A prevalecer interpretação pela submissão destes contratos àqueles limites, a utilização das PPPs para esse fim estará praticamente inviabilizada em muitos casos, o que poderá prejudicar o avanço da agenda da universalização do saneamento.

No meu entendimento, tais limites constantes da regra do caput do artigo 11-A da LNSB são inaplicáveis às hipóteses de parcerias público-privadas, como pretendo demonstrar adiante [1].

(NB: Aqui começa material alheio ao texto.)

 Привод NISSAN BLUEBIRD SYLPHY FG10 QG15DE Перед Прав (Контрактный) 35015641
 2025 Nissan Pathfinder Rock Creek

Retome-se que o artigo 11-A da LNSB traz algumas regras voltadas a disciplinar a hipótese de subdelegação dos serviços de saneamento básico prestado por meio de contrato. Dentre elas está a norma do caput, que, ao autorizar a subdelegação, a limita a 25% do valor do contrato originário. Em seus termos, "na hipótese de prestação dos serviços públicos de saneamento básico por meio de contrato, o prestador de serviços poderá, além de realizar licitação e contratação de parceria público-privada, (…), desde que haja previsão contratual ou autorização expressa do titular dos serviços, subdelegar o objeto contratado, observado, para a referida subdelegação, o limite de 25% (vinte e cinco por cento) do valor do contrato".

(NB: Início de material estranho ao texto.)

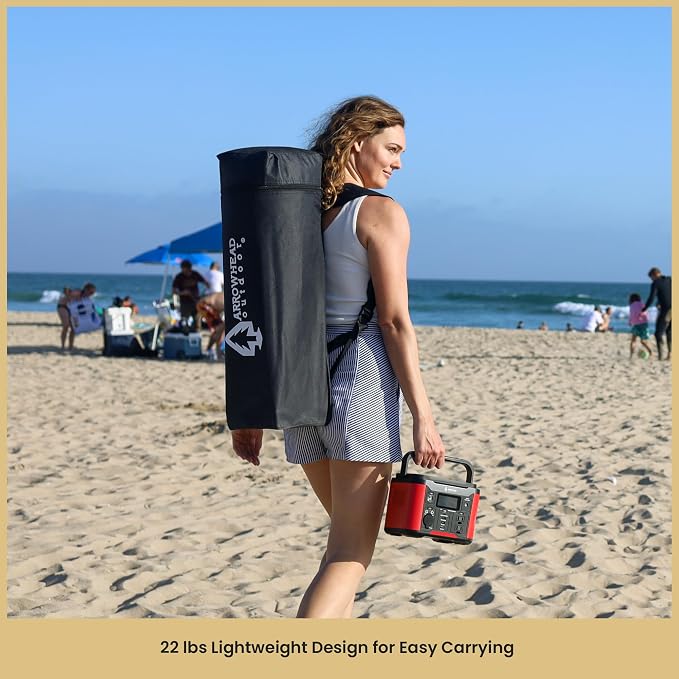 ARROWHEAD OUTDOOR 6'x6' Backpack Pop-up Canopy - Image 4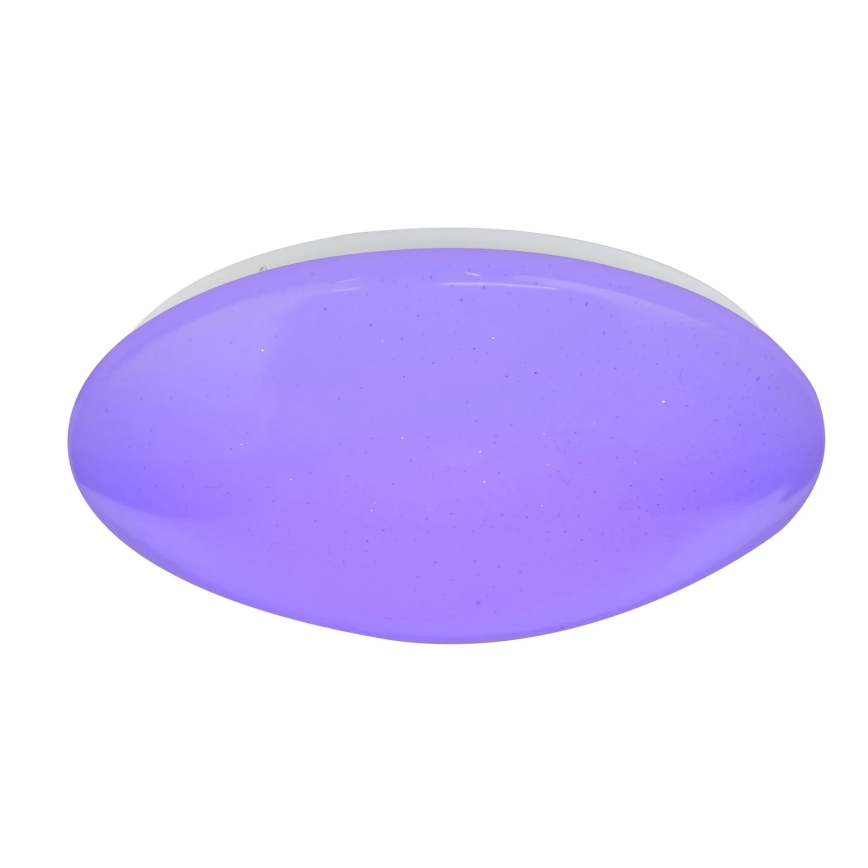 Globo - LED RGB dimmelhető mennyezeti lámpa LED/24W/230V + LED/8W 2700-6500K átmérő 41 cm + távirányító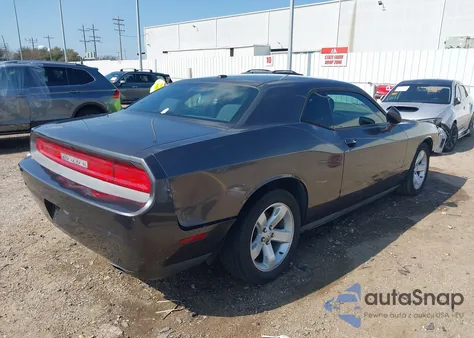 2013 Dodge Challenger Sxt из США, поврежденный, VIN 2C3CDYAG8DH548796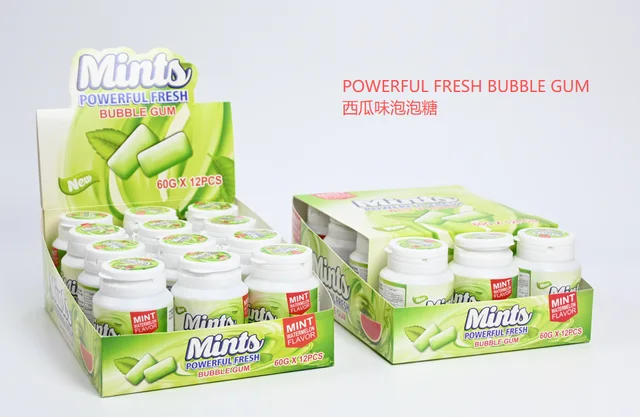 Powerful Fresh Bubble Gum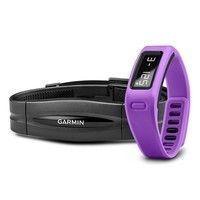 Фітнес-браслет Garmin Vivofit Bundle HRM (Purple) 010-01225-32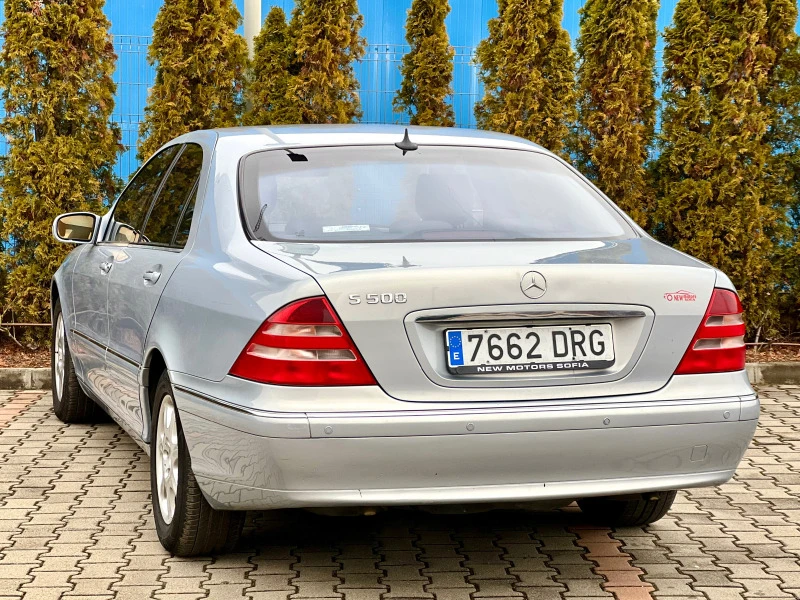 Mercedes-Benz S 500 S500 V8 сервизна история лизинг през Уникредит , снимка 6 - Автомобили и джипове - 44291909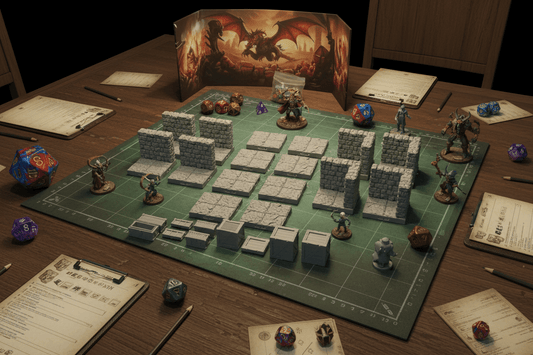 The Armory Depot — Interior Terrain — Dragonlock Dungeons — Fat Dragon Games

Já o Decreto 10.710/2021 admitiu, conforme a norma do artigo 2º, III, que a subdelegação possa se dar na forma de parceria público-privada, para os fins do disposto no § 4º do artigo 7º do regulamento — e, por extensão, do disposto no caput do artigo 11-A da lei 11.445/2007.

No exercício de interpretação combinada das normas dos artigos 2º, III, e 7º, § 4º, do regulamento, à luz da norma do caput do artigo 11-A, tem sido cogitadas três possibilidades hermenêuticas, ainda que apenas uma se revele conforme ao direito. A primeira importaria em submeter toda e qualquer parceria público-privada (contendo ou não subdelegação) ao limite do caput do artigo 11-A (e do artigo 1º, § 4º, do regulamento). A segunda linha de interpretação significaria restringir a incidência daquele limite apenas às parcerias público-privadas que pressupusessem "subdelegação", conforme a conceituação dada pelo próprio regulamento. Já a terceira importaria o reconhecimento da invalidade da norma do Decreto, na parte que admite que as subdelegações, para esses fins, possam se dar (também) na forma de parceria público-privada.

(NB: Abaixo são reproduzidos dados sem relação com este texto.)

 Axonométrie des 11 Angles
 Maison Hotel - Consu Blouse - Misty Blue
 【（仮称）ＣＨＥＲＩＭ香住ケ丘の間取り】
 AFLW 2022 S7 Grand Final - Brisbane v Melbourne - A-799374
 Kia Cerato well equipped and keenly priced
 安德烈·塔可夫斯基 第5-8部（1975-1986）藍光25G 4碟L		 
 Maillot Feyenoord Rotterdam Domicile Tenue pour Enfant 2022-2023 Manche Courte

Tenho para mim que a terceira alternativa hermenêutica é a que deve prevalecer na aplicação das normas regulamentares, pois que resulta de sua interpretação conforme a norma do artigo 11-A da Lei 11.445/2007.

A primeira possibilidade hermenêutica cogitada é induvidosamente descabida. Em primeiro lugar, porque traduz interpretação que não se afigura compatível com a redação do dispositivo regulamentar. Isto é: a mera interpretação gramatical da norma já conduz a conclusão diversa. Em segundo lugar, porque os contratos de parceria público-privada não pressupõem em todos os casos a delegação de um serviço público. Assim se passa com como as concessões administrativas para a prestação de serviço tomado diretamente pela administração pública, como explicado adiante.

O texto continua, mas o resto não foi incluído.